Looking back on summer

By Tom Read

Basil is a summer staple of our kitchen garden, and Linda is particularly proud of this patch

It’s been a fine summer for us on Texada Island, for the most part. Mother Nature bestowed benign weather these last few months, so most of the wild plants and animals of the forest seem to be thriving. An exception: yellow jacket wasps, seldom seen this summer perhaps because of our island’s cool, wet spring. Meanwhile, our little kitchen garden grew well, even though often neglected by me due to other priorities. I’ll return to the garden in a moment, but first I want to mention a few thoughts about this just-passed summer:

First, I enjoyed my teenage nephew Lewis’ two-week visit. He lives in a suburb of New York City, and up to this summer’s visit with us at Slow Farm I believe he had no previous experience caring for farm animals, using basic construction tools, pulling weeds and generally engaging in sweaty manual labour for hours on end. He did well, and even got a bit of a tan — not something most visiting Americans might expect to obtain in Canada.

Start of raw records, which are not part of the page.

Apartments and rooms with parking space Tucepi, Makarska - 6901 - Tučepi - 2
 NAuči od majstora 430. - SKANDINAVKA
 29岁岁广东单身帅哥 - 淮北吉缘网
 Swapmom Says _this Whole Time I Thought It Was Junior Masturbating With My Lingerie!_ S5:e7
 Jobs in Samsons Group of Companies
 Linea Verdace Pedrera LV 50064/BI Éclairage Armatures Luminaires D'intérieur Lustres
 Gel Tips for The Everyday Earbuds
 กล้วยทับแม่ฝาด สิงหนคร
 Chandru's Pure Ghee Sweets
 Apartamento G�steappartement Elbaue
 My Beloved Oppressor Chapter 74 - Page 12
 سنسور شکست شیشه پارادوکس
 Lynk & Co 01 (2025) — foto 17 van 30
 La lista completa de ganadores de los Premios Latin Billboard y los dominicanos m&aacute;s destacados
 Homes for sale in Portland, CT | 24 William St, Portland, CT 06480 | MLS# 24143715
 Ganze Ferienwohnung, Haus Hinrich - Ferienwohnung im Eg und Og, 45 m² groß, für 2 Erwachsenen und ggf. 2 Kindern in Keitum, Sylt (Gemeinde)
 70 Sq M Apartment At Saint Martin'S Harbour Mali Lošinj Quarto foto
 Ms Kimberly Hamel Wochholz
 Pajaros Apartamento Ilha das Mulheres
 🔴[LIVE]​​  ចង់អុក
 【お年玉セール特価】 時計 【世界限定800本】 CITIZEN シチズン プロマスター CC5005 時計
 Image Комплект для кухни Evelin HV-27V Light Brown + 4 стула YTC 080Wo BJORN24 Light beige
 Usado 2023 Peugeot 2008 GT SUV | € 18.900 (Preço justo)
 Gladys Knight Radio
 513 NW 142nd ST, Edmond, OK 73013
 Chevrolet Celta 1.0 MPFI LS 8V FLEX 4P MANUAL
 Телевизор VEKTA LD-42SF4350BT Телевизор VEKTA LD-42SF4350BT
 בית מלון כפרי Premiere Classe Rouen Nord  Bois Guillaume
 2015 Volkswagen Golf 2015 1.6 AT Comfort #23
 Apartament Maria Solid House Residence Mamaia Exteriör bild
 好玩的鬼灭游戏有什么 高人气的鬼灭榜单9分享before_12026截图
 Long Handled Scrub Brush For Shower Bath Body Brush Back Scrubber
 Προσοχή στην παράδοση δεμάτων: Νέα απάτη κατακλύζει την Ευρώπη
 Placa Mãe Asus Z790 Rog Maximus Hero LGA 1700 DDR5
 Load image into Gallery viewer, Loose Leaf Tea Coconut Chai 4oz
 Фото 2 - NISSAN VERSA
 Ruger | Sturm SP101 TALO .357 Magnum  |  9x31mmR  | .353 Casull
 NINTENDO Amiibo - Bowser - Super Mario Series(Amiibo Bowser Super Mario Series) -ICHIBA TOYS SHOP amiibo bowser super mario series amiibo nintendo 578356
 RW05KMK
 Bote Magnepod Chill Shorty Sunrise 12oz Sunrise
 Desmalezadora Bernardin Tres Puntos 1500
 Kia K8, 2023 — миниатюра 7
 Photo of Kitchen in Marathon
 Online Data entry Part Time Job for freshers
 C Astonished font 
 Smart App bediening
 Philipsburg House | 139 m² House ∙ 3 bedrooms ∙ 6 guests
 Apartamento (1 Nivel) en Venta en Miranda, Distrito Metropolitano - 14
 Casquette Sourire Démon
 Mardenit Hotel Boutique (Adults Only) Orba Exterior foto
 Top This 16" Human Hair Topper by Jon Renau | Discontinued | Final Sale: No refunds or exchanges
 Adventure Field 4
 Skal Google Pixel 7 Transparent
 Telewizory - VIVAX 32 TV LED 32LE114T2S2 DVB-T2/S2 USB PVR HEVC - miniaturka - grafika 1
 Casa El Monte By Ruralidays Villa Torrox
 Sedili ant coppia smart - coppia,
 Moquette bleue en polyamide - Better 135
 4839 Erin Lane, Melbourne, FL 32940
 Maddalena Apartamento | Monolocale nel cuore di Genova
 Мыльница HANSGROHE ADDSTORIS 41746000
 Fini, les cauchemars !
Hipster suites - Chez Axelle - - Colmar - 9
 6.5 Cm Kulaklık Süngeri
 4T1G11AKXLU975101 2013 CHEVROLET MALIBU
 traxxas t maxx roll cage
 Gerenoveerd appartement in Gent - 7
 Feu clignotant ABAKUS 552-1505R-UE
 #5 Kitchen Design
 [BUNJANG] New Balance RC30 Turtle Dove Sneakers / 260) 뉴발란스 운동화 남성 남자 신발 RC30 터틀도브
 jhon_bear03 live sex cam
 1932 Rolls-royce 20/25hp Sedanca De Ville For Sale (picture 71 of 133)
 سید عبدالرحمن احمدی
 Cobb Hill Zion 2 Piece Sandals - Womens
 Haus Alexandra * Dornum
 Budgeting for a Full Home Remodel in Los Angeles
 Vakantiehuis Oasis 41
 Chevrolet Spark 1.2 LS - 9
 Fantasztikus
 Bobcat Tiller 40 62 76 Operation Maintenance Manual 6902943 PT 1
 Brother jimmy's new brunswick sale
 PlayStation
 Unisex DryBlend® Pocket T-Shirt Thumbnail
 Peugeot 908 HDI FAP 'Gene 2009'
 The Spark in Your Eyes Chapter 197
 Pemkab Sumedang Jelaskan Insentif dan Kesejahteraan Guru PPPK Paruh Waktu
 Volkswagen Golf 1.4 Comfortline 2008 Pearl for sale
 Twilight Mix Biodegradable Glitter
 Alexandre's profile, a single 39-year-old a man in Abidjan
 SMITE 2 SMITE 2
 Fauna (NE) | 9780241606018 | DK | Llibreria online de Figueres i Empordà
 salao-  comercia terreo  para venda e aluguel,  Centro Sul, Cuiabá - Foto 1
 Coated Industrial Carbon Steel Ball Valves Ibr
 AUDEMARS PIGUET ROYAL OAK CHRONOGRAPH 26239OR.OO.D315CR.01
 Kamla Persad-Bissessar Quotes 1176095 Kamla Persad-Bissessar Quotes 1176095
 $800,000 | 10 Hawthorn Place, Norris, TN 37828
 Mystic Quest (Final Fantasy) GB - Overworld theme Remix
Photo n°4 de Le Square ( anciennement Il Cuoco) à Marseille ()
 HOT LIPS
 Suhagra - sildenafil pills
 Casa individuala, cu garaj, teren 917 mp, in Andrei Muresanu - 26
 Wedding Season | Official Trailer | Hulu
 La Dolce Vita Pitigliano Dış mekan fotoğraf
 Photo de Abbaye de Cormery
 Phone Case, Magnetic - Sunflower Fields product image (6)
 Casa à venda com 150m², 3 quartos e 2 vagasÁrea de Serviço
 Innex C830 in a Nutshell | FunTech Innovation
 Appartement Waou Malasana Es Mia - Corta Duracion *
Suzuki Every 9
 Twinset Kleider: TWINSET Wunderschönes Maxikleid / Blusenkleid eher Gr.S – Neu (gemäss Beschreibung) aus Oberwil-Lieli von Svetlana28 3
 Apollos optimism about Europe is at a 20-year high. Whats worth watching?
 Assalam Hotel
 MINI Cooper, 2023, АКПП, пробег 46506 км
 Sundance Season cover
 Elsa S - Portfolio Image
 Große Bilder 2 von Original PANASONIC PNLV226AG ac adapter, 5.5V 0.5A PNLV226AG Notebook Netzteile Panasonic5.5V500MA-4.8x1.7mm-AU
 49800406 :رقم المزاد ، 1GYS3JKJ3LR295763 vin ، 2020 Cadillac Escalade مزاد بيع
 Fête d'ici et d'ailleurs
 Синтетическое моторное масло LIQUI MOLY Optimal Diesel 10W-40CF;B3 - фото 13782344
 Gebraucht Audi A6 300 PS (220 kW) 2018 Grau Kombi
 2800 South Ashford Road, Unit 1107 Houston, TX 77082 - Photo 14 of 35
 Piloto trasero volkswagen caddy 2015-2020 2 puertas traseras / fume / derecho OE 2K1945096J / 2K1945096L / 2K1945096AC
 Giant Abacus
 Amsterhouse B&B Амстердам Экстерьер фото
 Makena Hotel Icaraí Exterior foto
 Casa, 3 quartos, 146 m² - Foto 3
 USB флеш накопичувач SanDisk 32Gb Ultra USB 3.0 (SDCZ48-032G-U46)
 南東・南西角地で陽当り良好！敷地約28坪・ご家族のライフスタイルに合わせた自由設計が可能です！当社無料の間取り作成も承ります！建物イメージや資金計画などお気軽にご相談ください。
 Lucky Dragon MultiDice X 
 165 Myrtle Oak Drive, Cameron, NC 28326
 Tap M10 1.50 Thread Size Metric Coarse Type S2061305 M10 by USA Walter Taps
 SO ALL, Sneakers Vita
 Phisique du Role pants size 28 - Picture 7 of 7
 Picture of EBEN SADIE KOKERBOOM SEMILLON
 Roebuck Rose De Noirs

Texada’s 2010 Sandcastle Weekend recedes now into memory, but I recall a feeling of satisfaction in seeing so many happy people on the beach and along the parade route. Linda and I didn’t get to see the festival’s newly-introduced laser light show, but we heard lots of positive feedback about it.

Alas, the real estate business has taken it slow this summer on Texada, as in so many communities around the world this year. No surprise, really, since the market on Texada has been slow for the past few years.

But our days are brightened by our new puppy. We’ll introduce her somewhere down the line, since she needs more privacy to develop her manners before coming onto the world (wide web) stage.

Turning to our garden, we had a few surprises, both welcome and not. Take rhubarb, for example. This year it has already given us three abundant harvests, with one last cutting on the way. What’s different this year is that I decided to overhead hand-water our rhubarb for a few moments every morning, thinking that such a magnificent broadleaf plant must be designed for collecting rain.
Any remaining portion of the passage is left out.